= How to complete this task =
Among the entries below, find the line with "XMOVERS crew carefully" and the line with "Landscape with rocky". Return exactly those lines and every line between them, but no pictures.

= Records to process =
--- --- ---
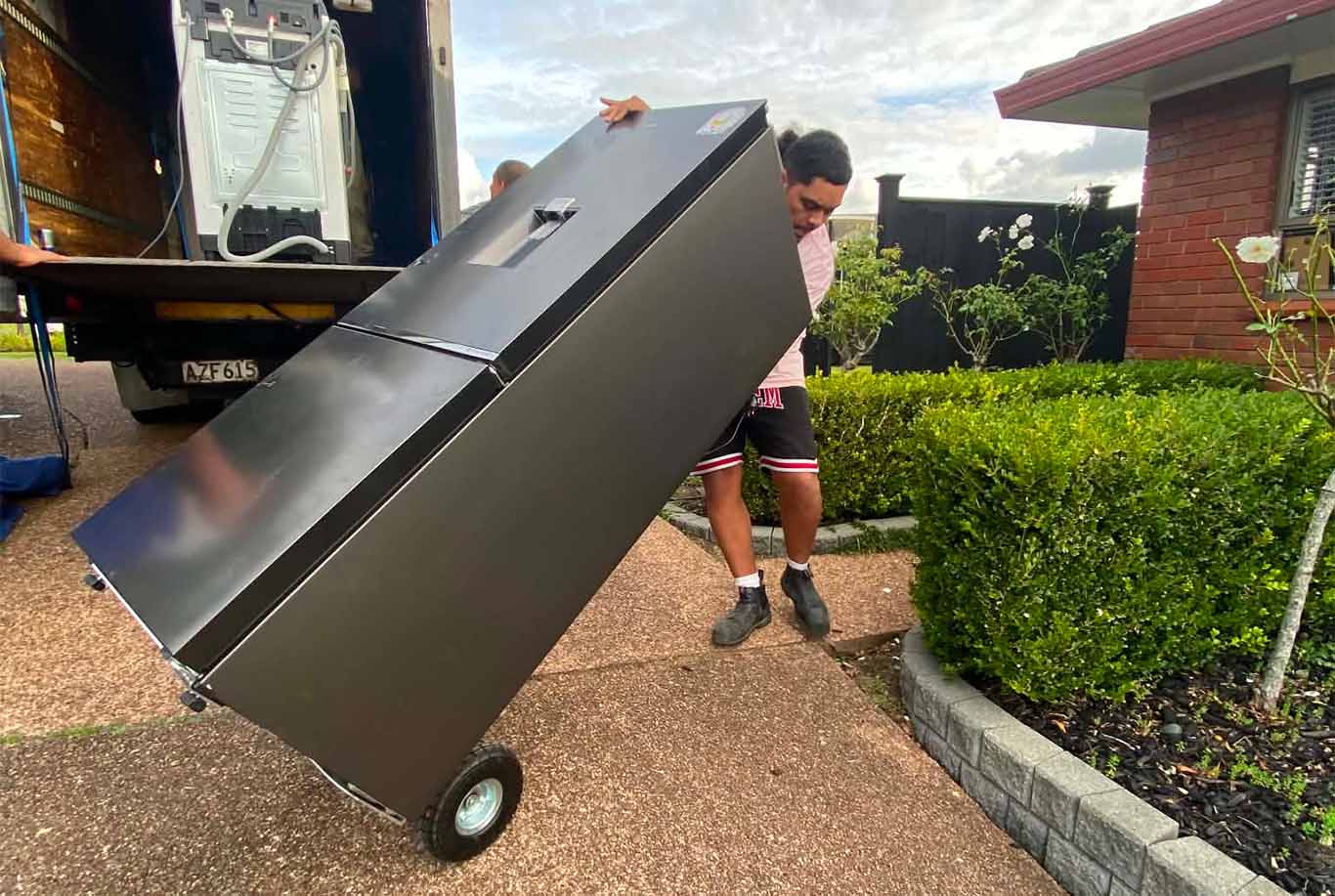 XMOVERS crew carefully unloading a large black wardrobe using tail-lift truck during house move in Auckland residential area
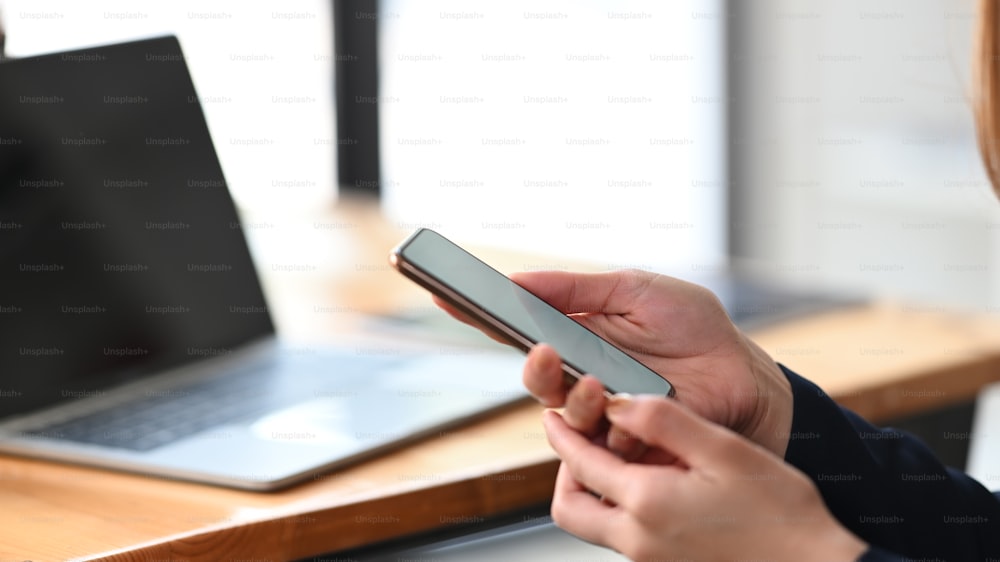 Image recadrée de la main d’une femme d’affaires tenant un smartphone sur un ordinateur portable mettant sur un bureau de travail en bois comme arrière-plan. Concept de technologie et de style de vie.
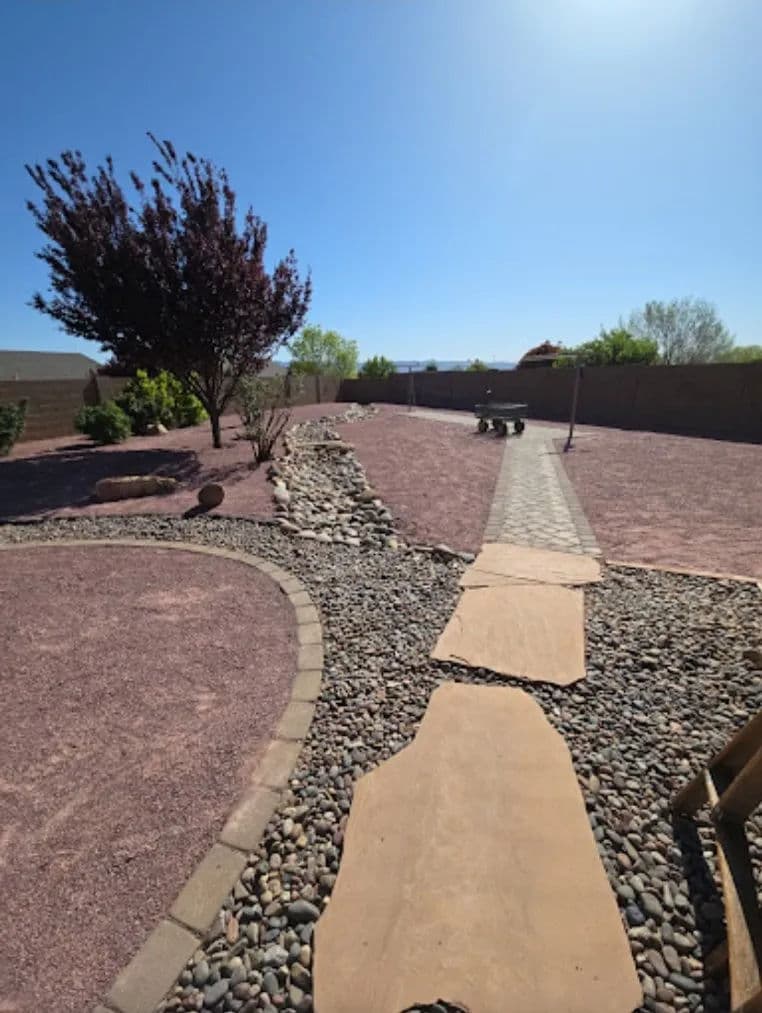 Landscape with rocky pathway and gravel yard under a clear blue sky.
--- --- ---
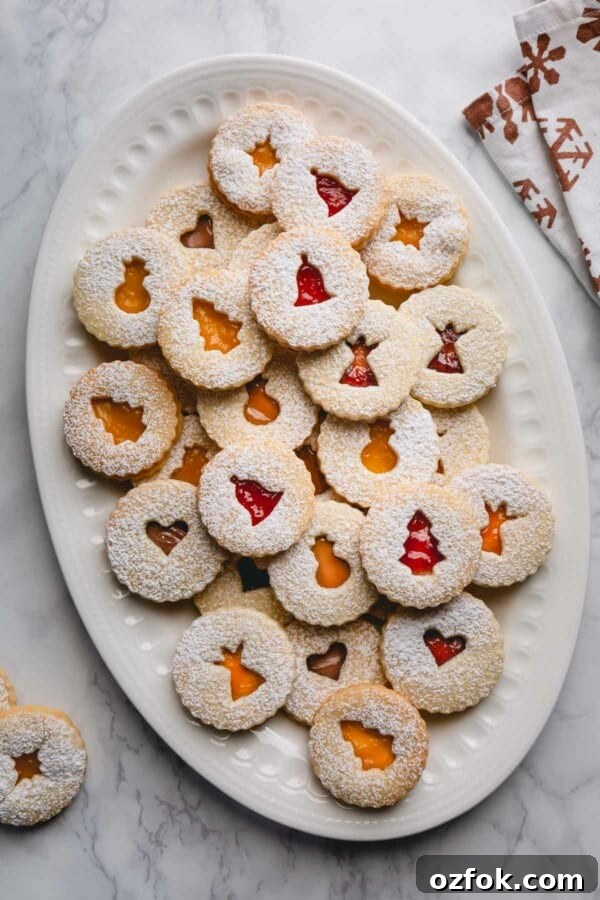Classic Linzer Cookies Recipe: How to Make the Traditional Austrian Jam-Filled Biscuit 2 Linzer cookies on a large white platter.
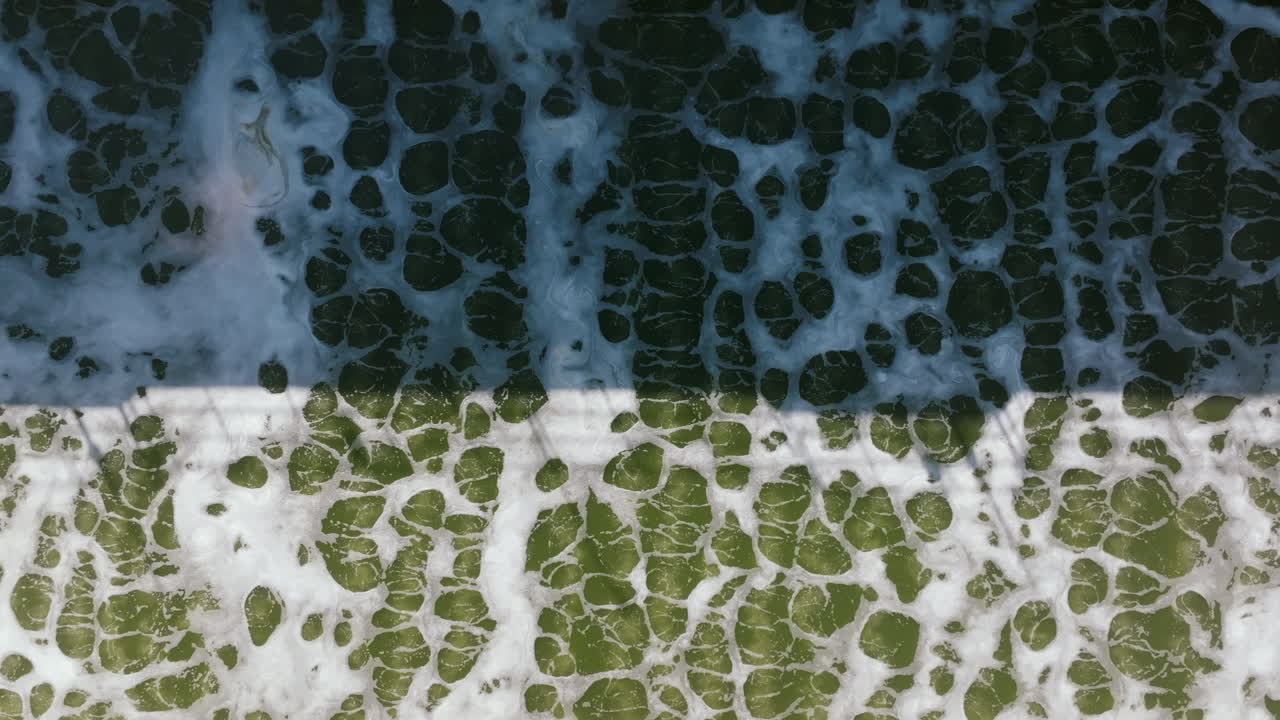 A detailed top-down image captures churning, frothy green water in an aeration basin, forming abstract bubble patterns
--- --- ---
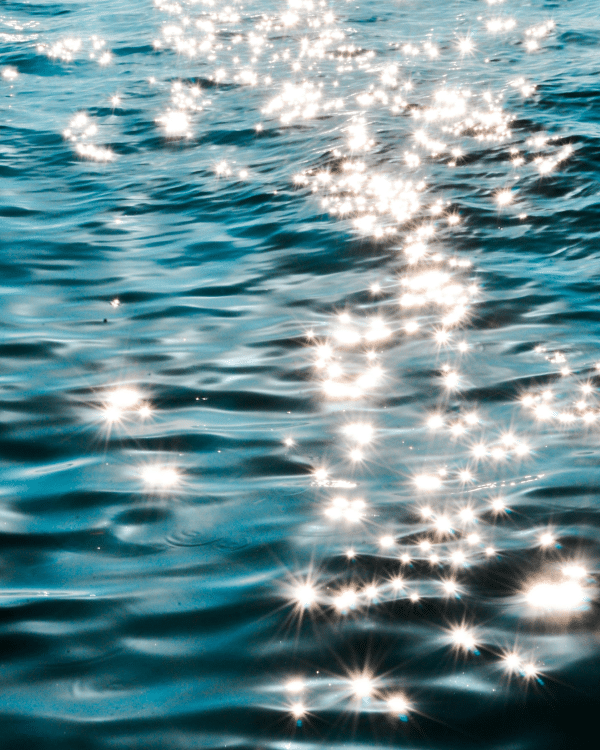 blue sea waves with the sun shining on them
--- --- ---
= Solution to the exercise =
 XMOVERS crew carefully unloading a large black wardrobe using tail-lift truck during house move in Auckland residential area
 Image recadrée de la main d’une femme d’affaires tenant un smartphone sur un ordinateur portable mettant sur un bureau de travail en bois comme arrière-plan. Concept de technologie et de style de vie.
 Landscape with rocky pathway and gravel yard under a clear blue sky.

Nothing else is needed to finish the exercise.